§ **Exercise**: Below are records; from the line containing "Brass Wall Light" through the very last line, output each line exactly. No pictures.

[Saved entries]
......

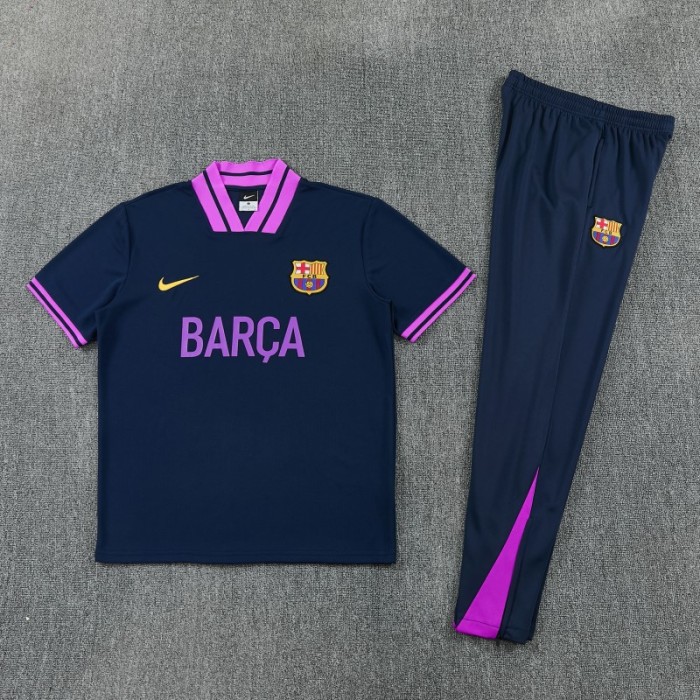 26/27 FC Barcelona Navy Blue with Purple  Short Sleeve Tracksuit + Long Pants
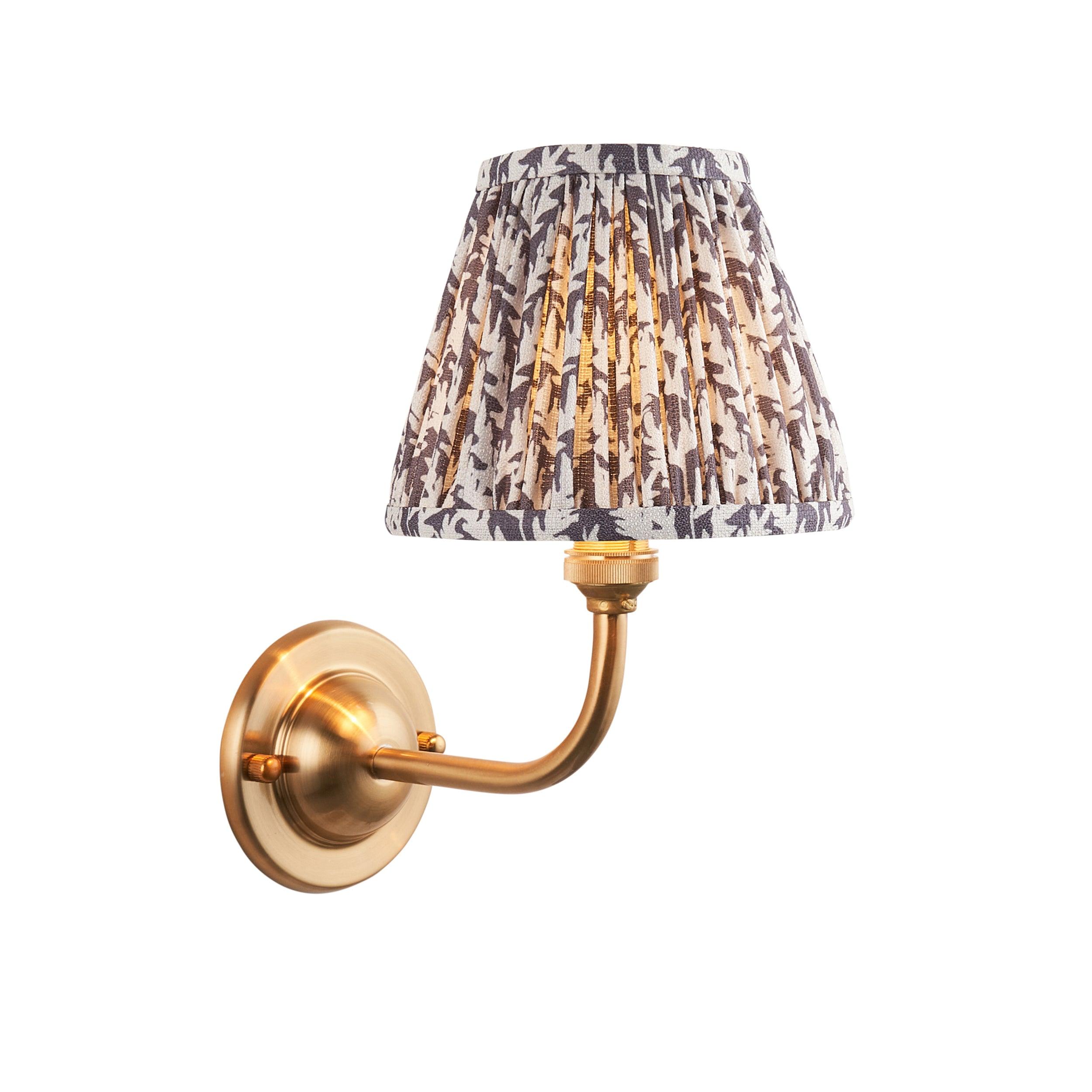 Brass Wall Light with Dome Arc Design & Leaf Accents - 16cm Pearl Grey Shade - Perfect for Bedroom, Living Room, and Hallway Lighting Decor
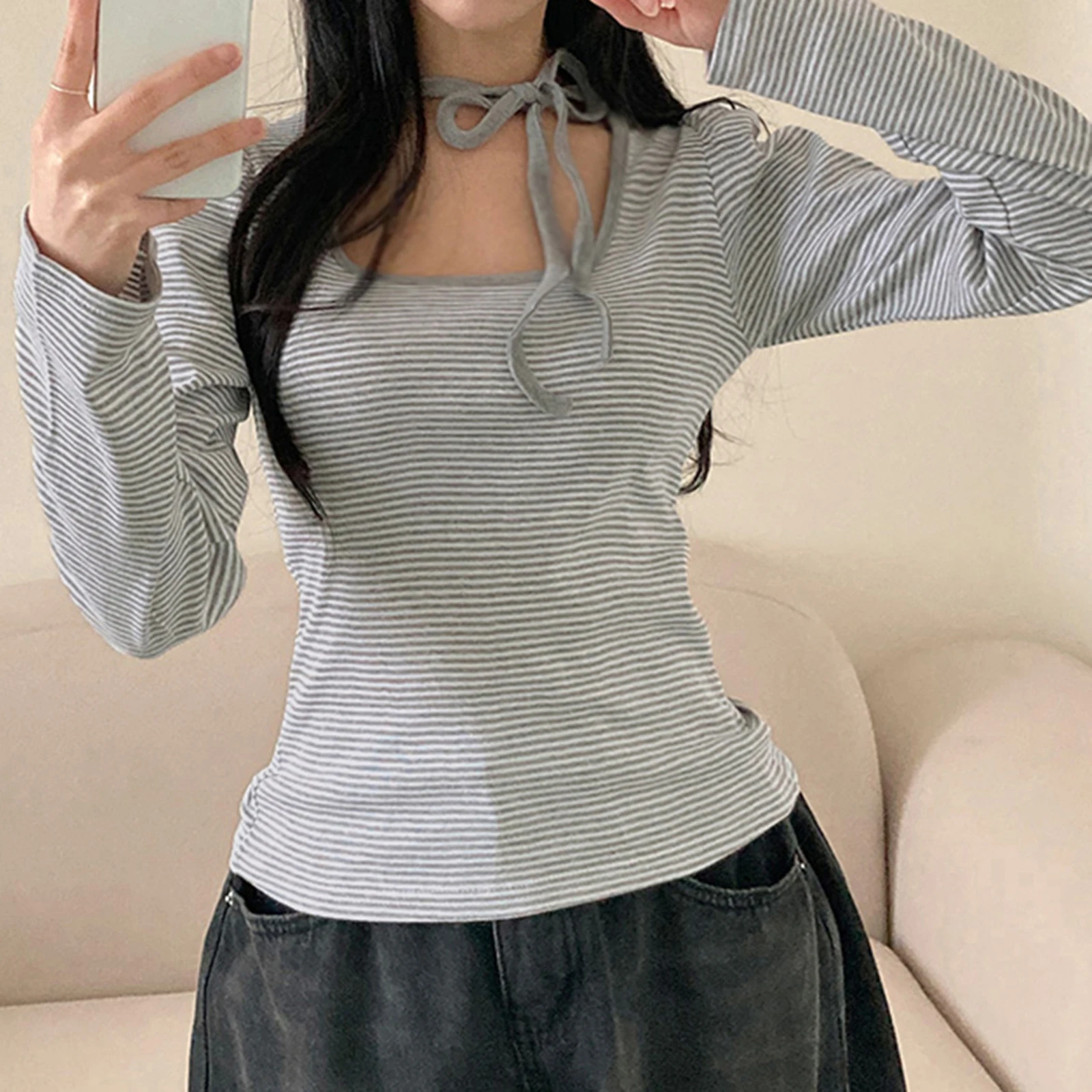 Dames tie-up patchwork tops met lange mouwen vierkante hals strepen print slim fit shirts lente herfst blouses
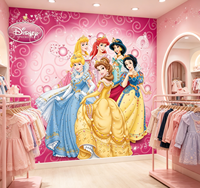 Papier peint mural 3D personnalisé de dessins animés de princesses, papier peint auto-adhésif pour chambre de filles, chambre d'enfants, décoration murale pour la maison, l'école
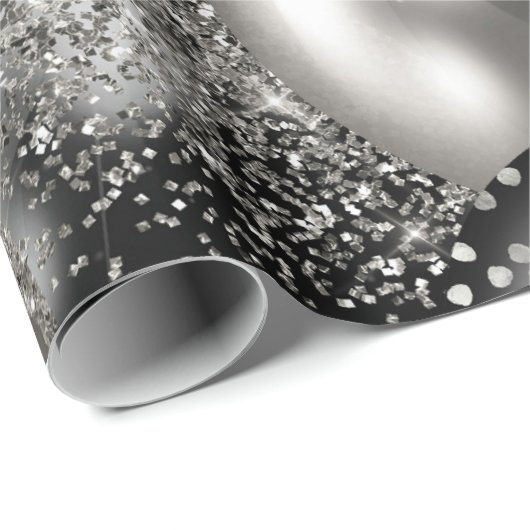 Ballons Verjaardag Zwart Zilver Glitter Party Cadeaupapier (Rol Hoek)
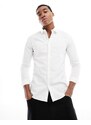 New Look - Camicia attillata a maniche lunghe in popeline bianco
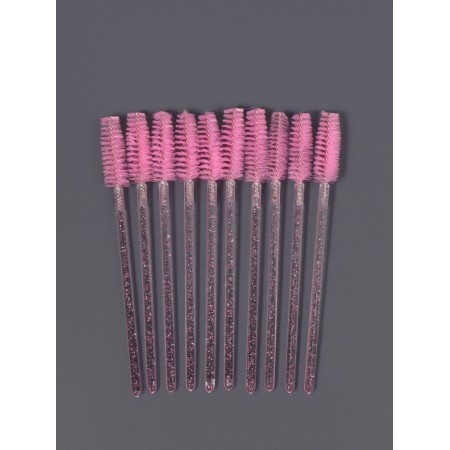 Brushes for eyebrows and eyelashes, set - 10 pcs, 9.5 cm, pink/transparent color-1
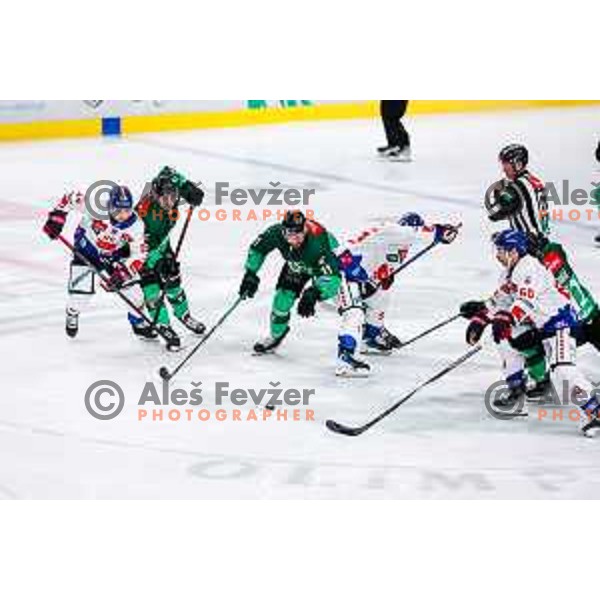 of SZ Olimpija in action during IceHL 2025/2026 ice-hockey match between SZ Olimpija and Tiwag Innsbruck in Tivoli Hall, Ljubljana, Slovenia on October 12, 2025
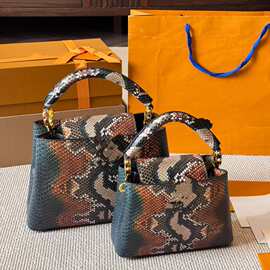 水满钻贵妇蛇纹彩绘印花杀手包鳄鱼纹拼色单肩手提包扑克牌斜挎包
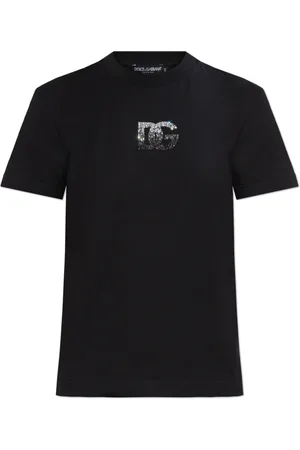 Dolce & Gabbana Koszulki, Kobieta, Czarny, XS, Bawełna, T-shirt z logo wykończonym połyskującymi kryształami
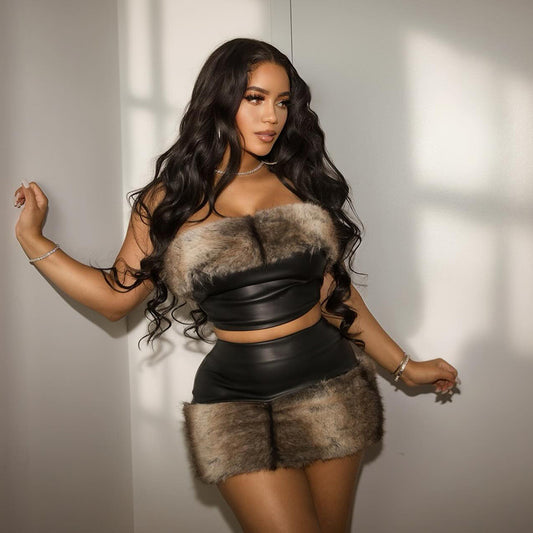 Fur Leather Leather Tube Top Two Piece Skirt Set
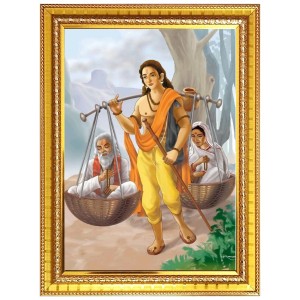 Shravana kumara with his parents Photo Frame - 10x14 Inches, Brown Wooden Frame for Home, Office & Temple Decoration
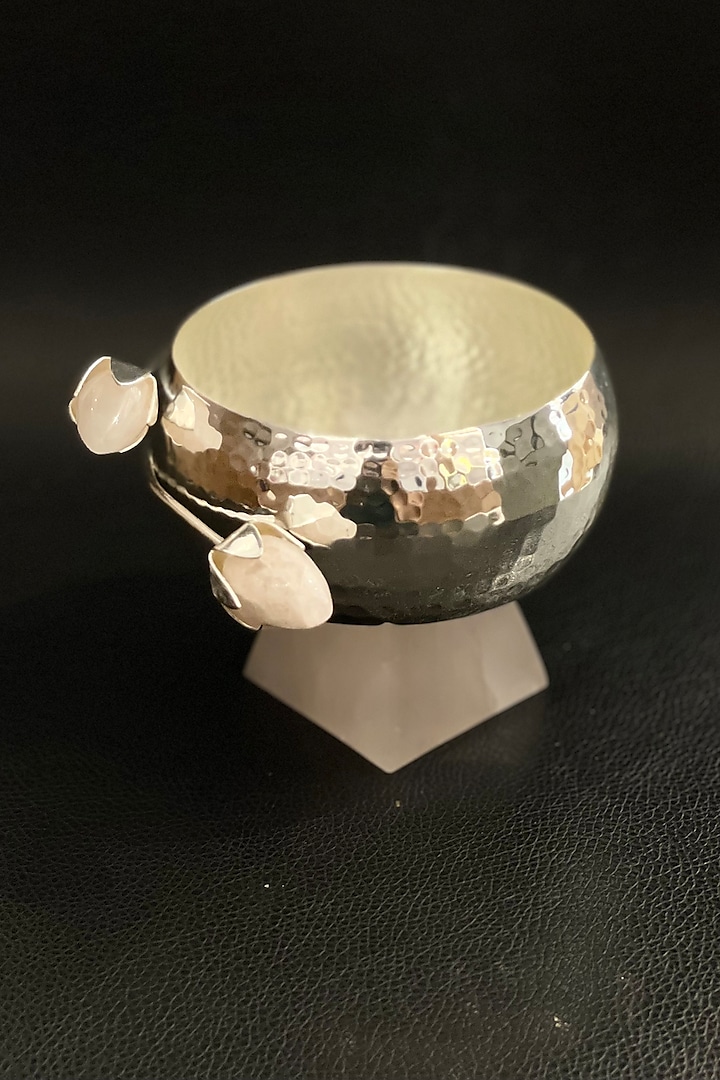 Silver Brass & Rose Quartz Stone Pebble Bowl Set by EL'UNIQUE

......

§ **Response area**:
 Brass Wall Light with Dome Arc Design & Leaf Accents - 16cm Pearl Grey Shade - Perfect for Bedroom, Living Room, and Hallway Lighting Decor
 Dames tie-up patchwork tops met lange mouwen vierkante hals strepen print slim fit shirts lente herfst blouses
 Papier peint mural 3D personnalisé de dessins animés de princesses, papier peint auto-adhésif pour chambre de filles, chambre d'enfants, décoration murale pour la maison, l'école
 Ballons Verjaardag Zwart Zilver Glitter Party Cadeaupapier (Rol Hoek)
 New Look - Camicia attillata a maniche lunghe in popeline bianco
 Brushes for eyebrows and eyelashes, set - 10 pcs, 9.5 cm, pink/transparent color-1
 of SZ Olimpija in action during IceHL 2025/2026 ice-hockey match between SZ Olimpija and Tiwag Innsbruck in Tivoli Hall, Ljubljana, Slovenia on October 12, 2025
 水满钻贵妇蛇纹彩绘印花杀手包鳄鱼纹拼色单肩手提包扑克牌斜挎包
 Dolce & Gabbana Koszulki, Kobieta, Czarny, XS, Bawełna, T-shirt z logo wykończonym połyskującymi kryształami
 Fur Leather Leather Tube Top Two Piece Skirt Set
 Shravana kumara with his parents Photo Frame - 10x14 Inches, Brown Wooden Frame for Home, Office & Temple Decoration
 Silver Brass & Rose Quartz Stone Pebble Bowl Set by EL'UNIQUE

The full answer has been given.